Miasto chce wyprowadzić tor kartingowy z ul. Zemborzyckiej. Na ryk silników od lat skarżą się mieszkańcy pobliskich bloków. Nowy obiekt miałby powstać poza miastem, a wraz z nim zbudowany może być też tor motocrossowy.
Tak zrodził się spór. Miłośnicy sportów motorowych twierdzą, że to ich miejsce. A lokatorzy chcą ciszy. – Zjeżdżają tu pojazdy z całej Polski, bo na innych torach robi się pomiar głośności. W Lublinie jeździ, kto chce – skarżył się już blisko rok temu Dariusz Malon, jeden z protestujących mieszkańców, gdy sprawa stanęła na sesji Rady Miasta.

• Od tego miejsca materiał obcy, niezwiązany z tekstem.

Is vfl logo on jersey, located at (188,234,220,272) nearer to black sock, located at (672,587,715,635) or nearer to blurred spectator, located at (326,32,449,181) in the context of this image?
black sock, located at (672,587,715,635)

Ratusz ma pomysł na rozwiązanie. Chce przenieść tor poza miasto. – Na teren dawnego wysypiska śmieci w Jawidzu – ujawnia Adam Wasilewski, prezydent Lublina. Ziemia jest własnością gminy Lublin.
– W sumie mamy tam 17 ha w dwóch częściach przedzielonych drogą – mówi Krzysztof Żórawski, dyrektor Wydziału Gospodarowania Mieniem w Urzędzie Miasta.

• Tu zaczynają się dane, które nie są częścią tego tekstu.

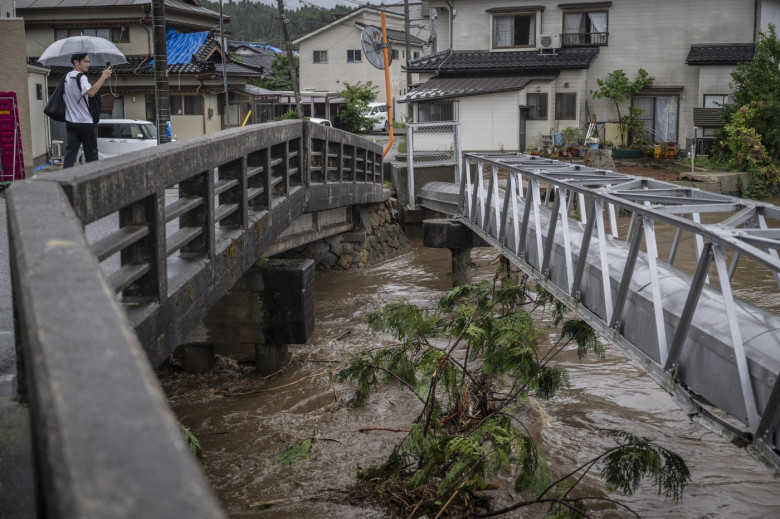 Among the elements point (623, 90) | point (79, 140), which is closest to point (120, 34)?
point (623, 90)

Teraz wszystko zależy od władz gminy Spiczyn, w której leży dawne wysypisko. – Konsultacje z gminą i z mieszkańcami chcielibyśmy przeprowadzić jeszcze w tym roku, ale budowa raczej w tym roku nie nastąpi – stwierdza Wasilewski.
– Najprawdopodobniej radni musieliby zmienić plan zagospodarowania – przyznaje Mirosław Krzysiak, wójt Spiczyna. – Mamy taką niepisaną procedurę, że w razie kontrowersyjnej inwestycji w pierwszej kolejności pytamy mieszkańców. Jeśli nasi radni po planowanym spotkaniu z przedstawicielami Lublina uznają, że warto o tym dalej rozmawiać, zrobimy we wsi spotkanie z mieszkańcami.
– A niech będzie ten tor. Może się coś ruszy w okolicy – dodaje Bogdan Kowalczyk, mieszkaniec Jawidza. – Nie będzie mi to przeszkadzać, byle nie hałasowało – mówi Grzegorz Aniołkowski.
Władze Lublina deklarują, że tor spełni także te normy. – Ta nieruchomość leży z dala od siedzib ludzkich – zapewnia prezydent. Dlatego niewykluczone, że będzie tam mógł powstać również tor motocrossowy, którego brak doskwiera głównie zawodnikom osiągającego spore sukcesy lubelskiego klubu KM Cross. Pomysłów na jego lokalizację było już kilka, ale każdy wzbudzał protesty okolicznych mieszkańców, bo za każdym razem tor był zbyt blisko domów.